When a filmmaker like Jordan Peele births something so impactful and culturally resonant like GET OUT, an Academy Award winning film, there’s a major benchmark to clear for a follow up film. Sure, George Romero made one of the most resonant horror films in cinematic history in NIGHT OF THE LIVING DEAD and followed it up with the infamous THERE’S ALWAYS VANILLA. However, while there was no worry that Peele’s hotly anticipated follow-up to his masterful racial allegory would be a dud, it’s a film that hits you square in the head like a bolt of lightning and keeps you vibrating with the shock that you’re watching a special goddamn event.

 

 

Starting with an neon-tinged boardwalk opening that calls to the allure of the great 1980s vampire treat THE LOST BOYS, US takes its audience through the taut tale of a family — Adelaide, Gabe, Jason and Zora —  the kind of dysfunctional family that endears rather than annoys as they encounter their violent, animalistic “doppelgängers” over a long, bloody night. What follows is a tense, unpredictable cat and mouse that doesn’t let its characters off the hook from brutal acts of harm, but still feels unsafe to keep people’s expectations firmly resting in a column of unending intensity. This is a lean, mean killing machine of a movie. Think back to the early, raw works of the ‘Seventies, when films existed to nail you to your seat. This isn’t a film that messes with social commentary (well, sort of). This is Peele conducting his audience as an ocean of shrieking violins. The film also does a very consistent job of creating a robust blend of humor amidst the horror, without either element overwhelming the other.

Lupita Nyong’o, Winston Duke, Shahadi Wright Joseph and Evan Alex all pull out the stops in giving their all in their respective performances. Duke’s lanky, goofy dad is a stark contrast to the impressive, mute, juggernaut presence of his doppelgänger and both children, Joseph and Alex, both doing amazing, immersive work in creating these unsettling, paranormal (using the word tenuously here). And Nyong’o, my god — a force of nature if there ever was one. The way she performs as Adelaide, all wide eyes (eyes that were created solely for horror) and nervous energy and as her doppelgänger, a jangly, spidery, Lynchian creation. There is a showstopper of a monologue that is delivered when the doppelgängers take center stage, and one could hear a pin drop from the disquieting, enraptured audience.
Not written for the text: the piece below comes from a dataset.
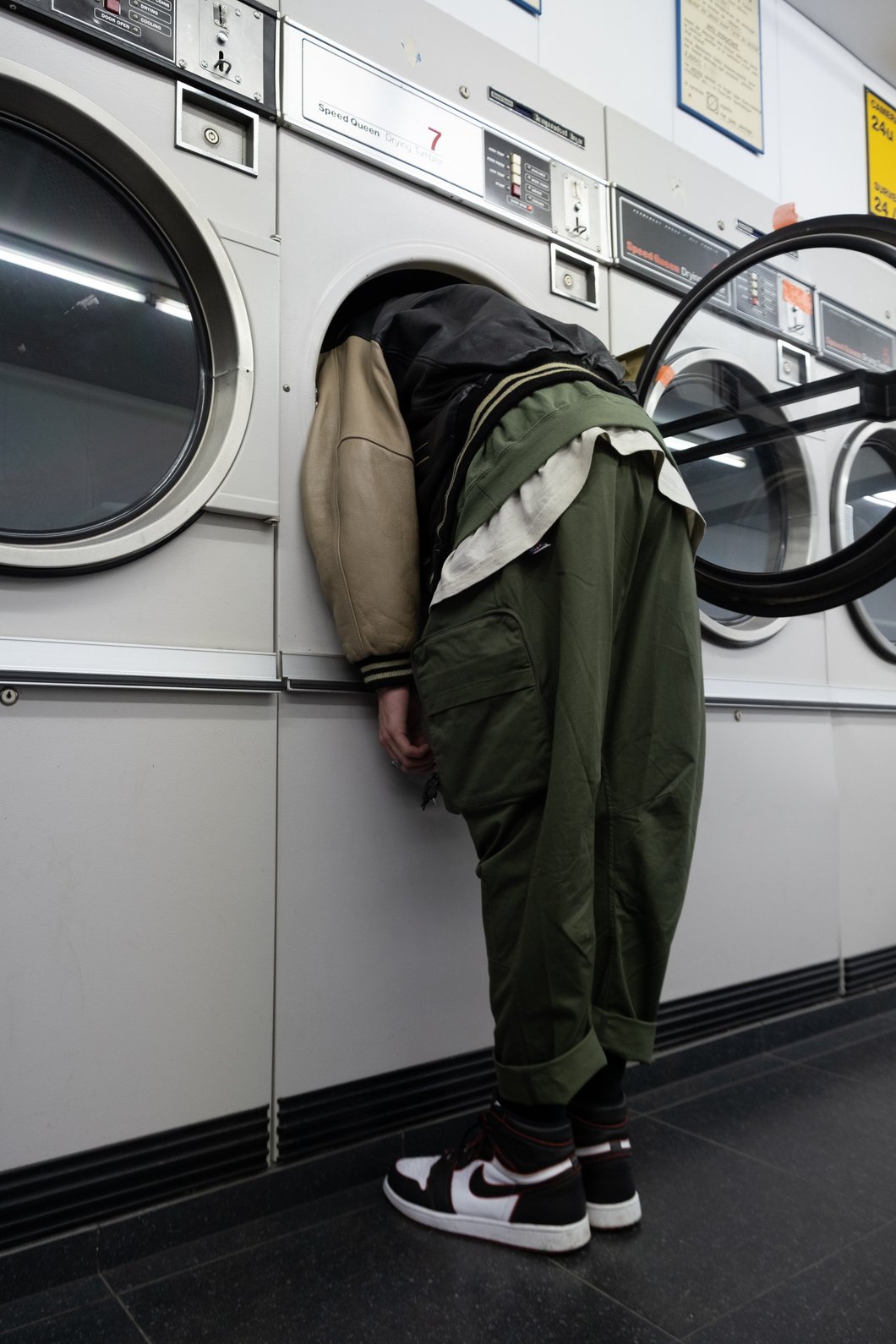 Man with a reen jacket with head inside a white front load washing machine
US ensnares you in its grasp from the first frame simply because Peele’s precise, propelling direction shows that in the microscopic time frame between his debut and follow up, he’s strengthened even more as a filmmaker, using long takes, split diopters (fuck yes!), and peppers imagery throughout that calls to mind Lucio Fulci (namely ZOMBIE), the haunting shots of the homicidal homeless in PRINCE OF DARKNESS, and a massacre of innocents in the crossfire calls to mind the artistic arterial spray of Argento’s TENEBRAE. If GET OUT was Peele’s NIGHT OF THE LIVING DEAD, then this is his DAY OF THE DEADRINGERS,” a claustrophobic, relentless experience of the highest tension. The score by Michael Abels strikes you from the opening credits as the portent of doom with its OMEN-esque chanting and propulsive, striking tones.

Imagine the first time that you saw the first film from your favorite master of horror, and know that this is just as confident and assured as any of the masterworks you can be thinking of at this very moment. Now, amplify that  a thousandfold and know that this is Peele’s turn at the helm of the good ship terror and he’s steering us into an unknowing but well-charted Bermuda Triangle. This is raw, bloody steak horror. This is a nasty, work your way into the wounds film. This is US.